La société cherche à tirer parti de l’expérience acquise par le secteur de l’aviation de GE au cours des six dernières années pour développer la fabrication additive – parfois appelée impression 3D – afin de réduire le temps nécessaire à la production de composants. Les composants qui en résultent peuvent également être plus compacts et conçus avec plus de précision pour répondre aux exigences de l’utilisation finale, a déclaré Dominique Malenfant, vice-président de Global Technology, au Railway Gazette lors du salon InnoTrans à Berlin le 20 septembre.

«Il existe une multitude d’options technologiques différentes qui sont couvertes par le terme de fabrication additive», a expliqué Malenfant. Une option qui favorise les composants ferroviaires est le jet de liant, qui consiste à appliquer une couche de poudre et de colle sur une «plate-forme de fabrication» avant de «cuire» l’assemblage terminé dans un four à haute température. Bien que la technique soit plus complexe que certaines méthodes de fabrication additive, le coût est inférieur, selon Malenfant.

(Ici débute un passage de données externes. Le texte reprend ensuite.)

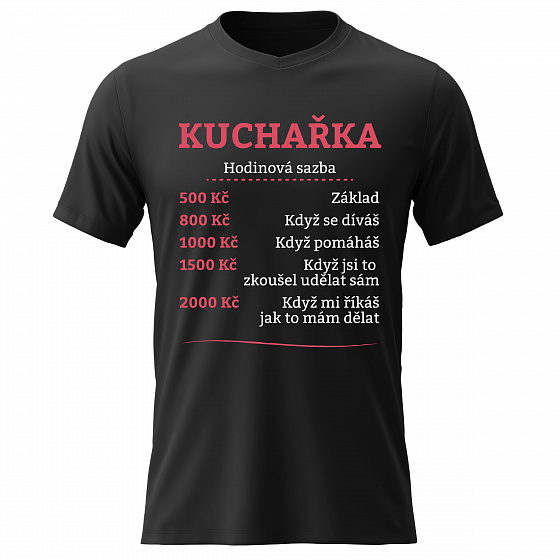 Dámské bavlněné tričko s potiskem - HODINOVÁ SAZBA KUCHAŘKA - černé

La fabrication additive élimine le besoin de moulages et la production de moules prend du temps. Au lieu de cela, le prototypage utilisant des moules produits rapidement peut être fait en quelques jours. « Les délais de conception des composants gagneront énormément », a déclaré Malenfant. « Nous pourrions éventuellement prendre des mois du processus de conception. »

Un autre avantage potentiel majeur est la possibilité de compléter des composants complexes en un seul passage. Malenfant a donné l’exemple d’un échangeur de chaleur pour moteur comportant 2 000 sous-composants individuels, joints ou soudures. Toutes les zones de défaillance potentielles pourraient être éliminées par la fabrication additive, a-t-il suggéré.

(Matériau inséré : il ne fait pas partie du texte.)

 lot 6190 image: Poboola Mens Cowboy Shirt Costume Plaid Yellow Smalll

Une des principales aspirations de la stratégie de GE est de rendre les principaux composants de moteur plus compacts à mesure que la technologie locomotrice émerge. GE cherche à déployer des locomotives hybrides batterie-diesel en complément des locomotives standard de 4 000 CV et 4 400 CV actuellement proposées, mais cette « hybridation » nécessitera un apport de puissance important de la part de la batterie et du supercondensateur. « Si nous pouvons réduire le moteur diesel grâce à une fabrication de pointe, nous aurons de la place pour augmenter le nombre de batteries que nous pouvons installer à bord », a expliqué Malenfant. Cette approche sous-tend l’objectif de la société, qui est de permettre aux trains de marchandises lourds de fonctionner uniquement par batterie dans les zones urbaines et autres zones environnementales sensibles.

GE espère commencer à utiliser des pièces de locomotives imprimées en 3D à titre d’essai à partir de l’année prochaine en vue d’une adoption généralisée d’ici le milieu de la prochaine décennie.

Le numéro d’octobre 2018 de la Railway Gazette International comprendra une analyse détaillée de l’avenir du moteur diesel en traction ferroviaire.